Popov constructed an apparatus that could register atmospheric electrical disturbances and, in July 1895, installed it at the meteorological observatory of the Institute of Forestry in St. Petersburg. In a paper published a few months later, Popov suggested that such an apparatus could be used for the reception of signals from a man-made source of oscillations, provided a sufficient power source became available. On May 7, 1895, he appeared before the St. Petersburg Physicochemical Society and demonstrated the transmission of Hertzian waves—as they were then termed—between different parts of the University of St. Petersburg buildings.
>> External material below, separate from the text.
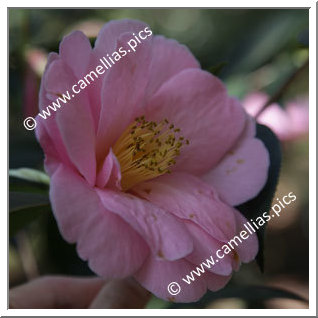 Camellia Hybrid C.x williamsii 'Bowen Bryant'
Evidence suggests that on that occasion the words “Heinrich Hertz” were transmitted in Morse code and that the aural signals received were transcribed on a blackboard by the society’s president, who was the chairman of the meeting.
During the academic year 1895–96 at the Torpedo School, however, Popov became interested in setting up experiments on Röntgen rays (X rays), which had just been discovered. Therefore, he discontinued for a time the further development of his lightning, or thunderstorm, detector. He then read the first newspaper accounts of Marconi’s demonstrations in September 1896. It seems clear that neither Marconi nor Popov was aware of the close similarity between their experiments.
The news of Marconi’s work, as disclosed in his patent of June 1896, aroused Popov to fresh activity. Working in conjunction with the Russian navy, he effected ship-to-shore communication over a distance of 10 km (6 miles) by 1898. The distance was increased to about 50 km (30 miles) by the end of the following year, during which he had also visited wireless stations in operation in France and Germany.
Popov was given remarkably little support by the Russian government until 50 years later, when national attitudes and enthusiasms had changed. On May 7, 1945, the Bolshoi Theatre was packed with a distinguished audience to celebrate the 50th anniversary of the “invention of the radio” by A.S. Popov. On the stage sat scientists, marshals, admirals, commissars, leaders of the Communist Party, and Popov’s daughter. It was announced that in the future the 7th of May would be celebrated as the day of the radio.
Although it is agreed that Popov’s experimental work in connection with Hertzian waves is deserving of recognition, it has not been generally accepted that radio communication was actually invented by him. Popov’s description of his receiving apparatus, which he published in January 1896, coincides closely with that described in Marconi’s patent claim of June 1896. Popov is credited, however, with being the first to use an antenna in the transmission and reception of radio waves.
In 1901 Popov returned to St. Petersburg as a professor at the electrotechnical institute, of which he was later elected director. He died five years later.